Joel Wästberg’s debut full-length as Sir Was is a smorgasbord of textures and tones. A former bandmate of Jose Gonzales, Wästberg inhabits all corners of his records; he plays all the drums, basses, keyboards, guitars, clarinets, and saxophones himself before chopping them into hypnotic tracks that bridge the gap between folk and ambient.
It’s a master class at combining elements that wouldn’t work together in any other context—from the forlorn bagpipes mixed into “A Minor Life,” to Wästberg’s staccato vocal delivery on album opener “In the Mist.” (The latter, when coupled with the track’s driving bass line, has a distinct hip-hop influence.)
But it’s the rhythmic experimentation that truly elevates Digging a Tunnel. It ranges from the mid-tempo shuffle of “In the Mist” to the piano and hand-clap created backbeat of “Revoke.” There’s even a hint of pan-African rhythms on “Leave it Here,” a sonic souvenir from the Swede’s time at the University of Kwasulu-Natal in Durban, South Africa.

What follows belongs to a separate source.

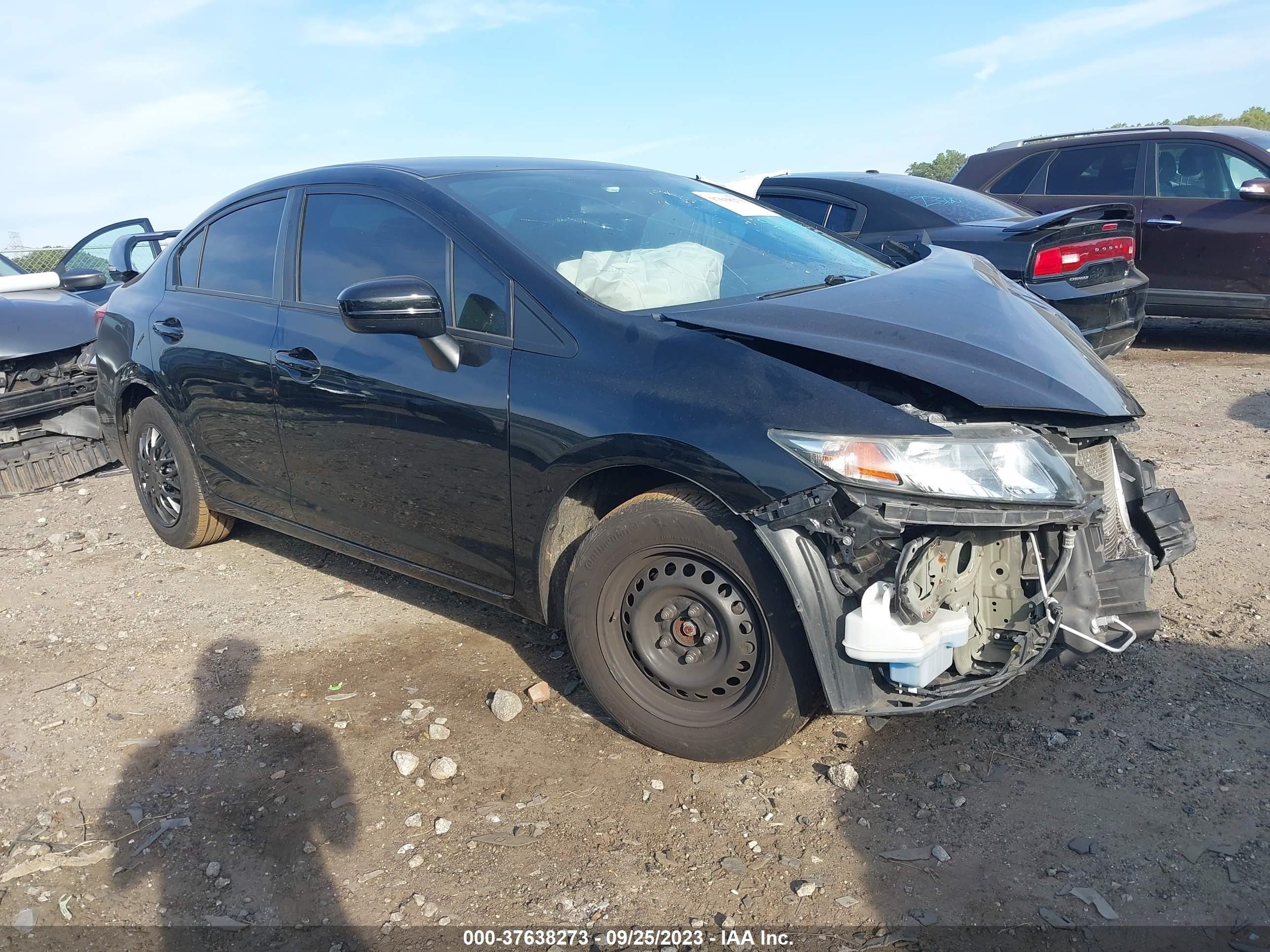 HONDA CIVIC 2014 19xfb2f53ee036914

Be warned: It’ll take a few passes to fully unpack the album. An arresting release that’s equal parts street grit and John Cage/art house fantasy, Digging a Tunnel sees Wästberg happily sifting through his influences. He’s constructed a sonically complex world, full of rewarding creative moments and hard-to-pinpoint emotions. He doesn’t have to tunnel to a new world—Sir Was is already there.